WHKT
- Portsmouth, Virginia; United States;
- Broadcast area: Hampton Roads
- Frequency: 1010 kHz

Programming
- Format: Christian talk

Ownership
- Owner: Chesapeake-Portsmouth Broadcasting Corporation
- Sister stations: WPMH; WJFV; WTJZ;

History
- First air date: December 12, 1971
- Last air date: January 3, 2023
- Former call signs: WPMH (1961–2004); WRJR (2004–2010); WPMH (2010–2021);
- Call sign meaning: "Hampton (Roads) (The Big) Kat" (location and former branding from 1650 AM)

Technical information
- Licensing authority: FCC
- Facility ID: 10759
- Class: B
- Power: 5,000 watts day; 449 watts night;
- Transmitter coordinates: 36°49′20″N 76°26′38″W﻿ / ﻿36.82222°N 76.44389°W

Links
- Public license information: Public file; LMS;

= WHKT =

Radio station in Portsmouth, Virginia

WHKT (1010 AM) was a radio station licensed to Portsmouth, Virginia, serving Hampton Roads. The station was owned by Chesapeake-Portsmouth Broadcasting Corporation.

==History==
Although the station's initial application for a construction permit was filed in 1960, it did not sign on until December 12, 1971, as WPMH. It was a daytimer, allowed to broadcast only from sunrise to sunset, to avoid interference with other radio stations. AM 1010 is a Canadian clear-channel frequency. Years later, the station was permitted to stay on the air around the clock, using a lower power at night.
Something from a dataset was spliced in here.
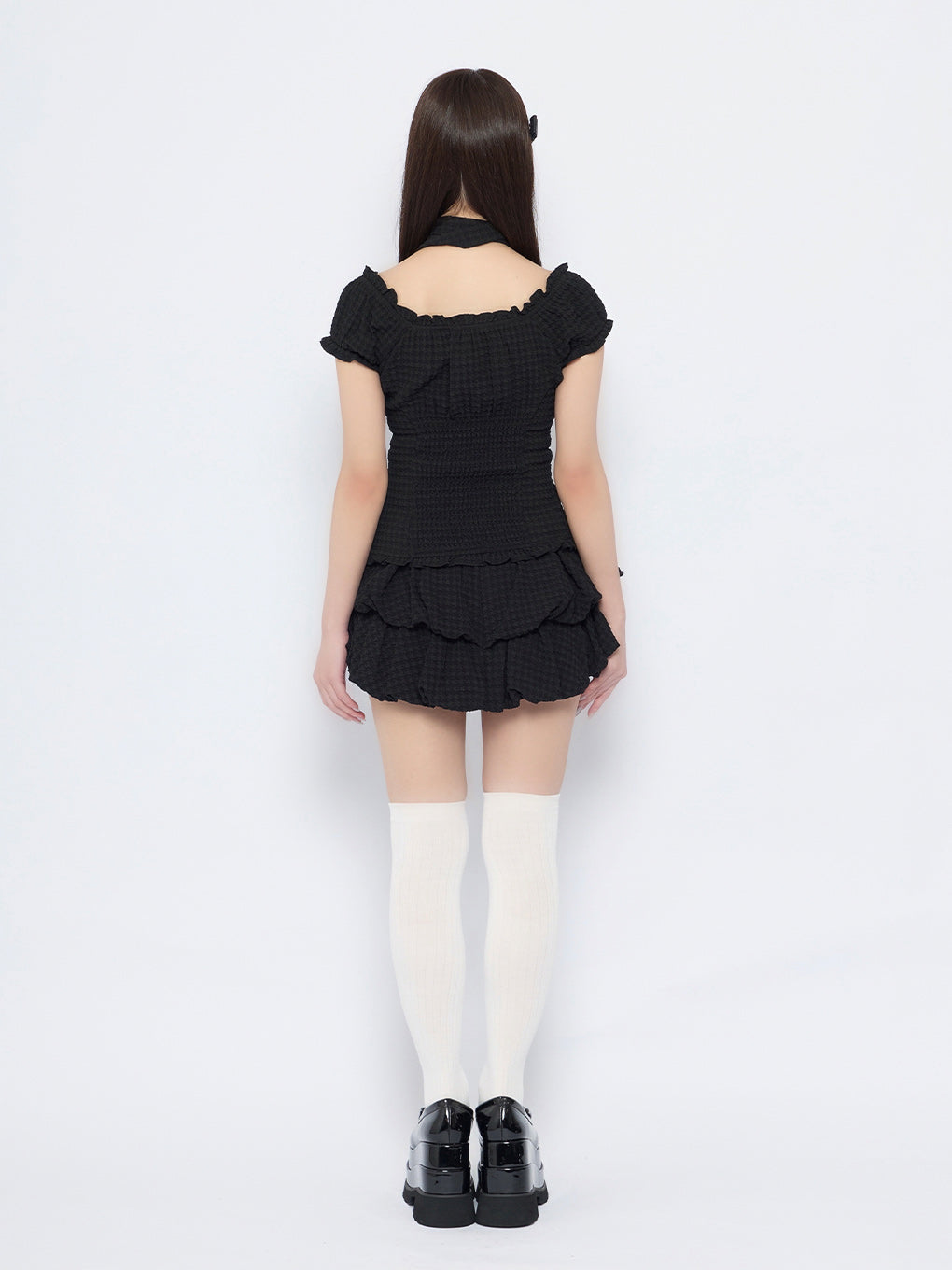 モデル：155cm（着用サイズ：FREE）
===Expanded Band assignment===
On March 17, 1997, the Federal Communications Commission (FCC) announced that 88 stations had been given permission to move to newly available "Expanded Band" transmitting frequencies, ranging from 1610 to 1700 kHz, with WPMH authorized to move from 1010 to 1650 kHz.

A construction permit for the expanded band station, also in Portsmouth, was assigned the call sign WAWT on January 9, 1998, which was changed to WHKT the next month, to WTJZ in 2021, and to WJFV in 2022. The FCC's initial policy was that both the original station and its expanded band counterpart could operate simultaneously for up to five years, after which owners would have to turn in one of the two licenses, depending on whether they preferred the new assignment or elected to remain on the original frequency. However, this deadline has been extended multiple times, and both stations remained authorized for 26 years. One restriction was that the FCC has generally required paired original and expanded band stations to remain under common ownership.

===Later history===
In 2004, the call sign was changed to WRJR. Chesapeake-Portsmouth purchased WRJR from The Walt Disney Company, along with WHKT, in January 2010. In the interim, despite having previously brokered the station to Chesapeake-Portsmouth, Disney, in an FCC filing, stated that it took WRJR, along with five former Radio Disney stations slated to be sold (including WHKT), off the air on January 22. WRJR did not leave the air.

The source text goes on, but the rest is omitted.